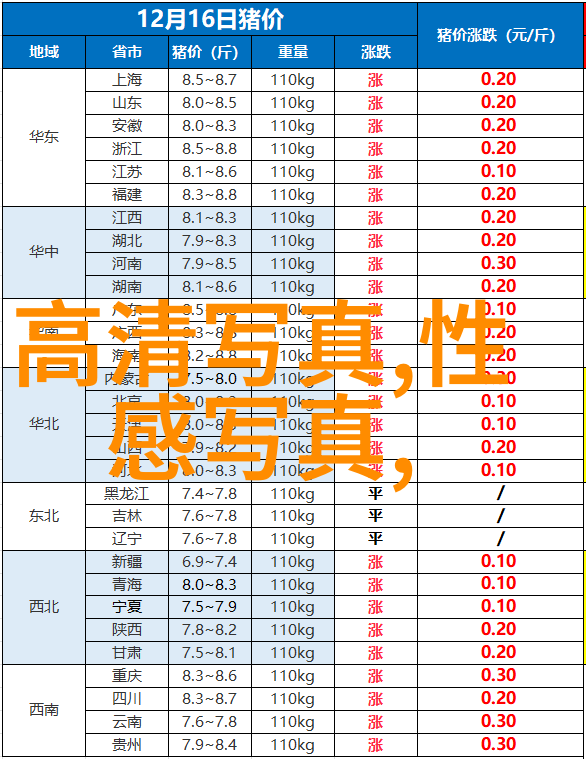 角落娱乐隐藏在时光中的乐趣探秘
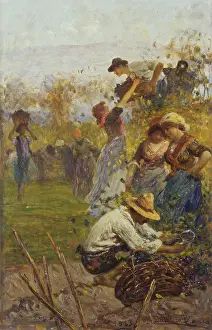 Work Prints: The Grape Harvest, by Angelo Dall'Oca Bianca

* * *

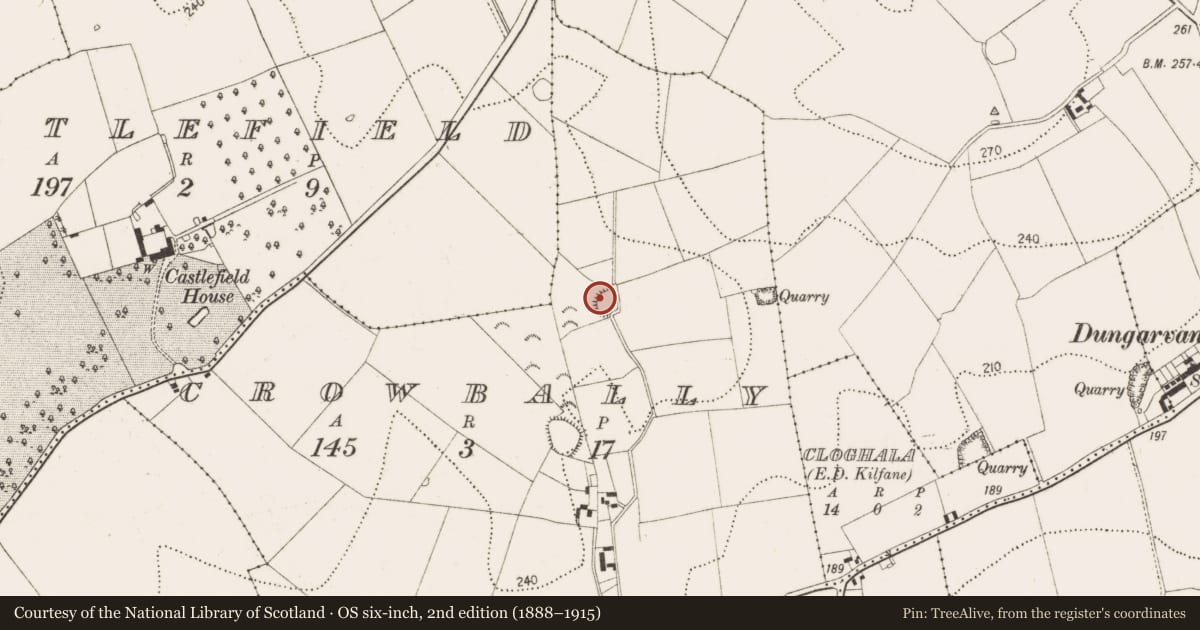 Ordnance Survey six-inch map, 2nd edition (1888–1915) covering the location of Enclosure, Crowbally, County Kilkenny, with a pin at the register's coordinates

• [Instructions to follow]: Take the entries above and copy exactly the lines starting at the one with "角落娱乐隐藏在时光中的乐趣探秘" and ending at the one with "Work Prints: The"; nothing outside that span, and no pictures.

• [Answer space]:
 角落娱乐隐藏在时光中的乐趣探秘
 Work Prints: The Grape Harvest, by Angelo Dall'Oca Bianca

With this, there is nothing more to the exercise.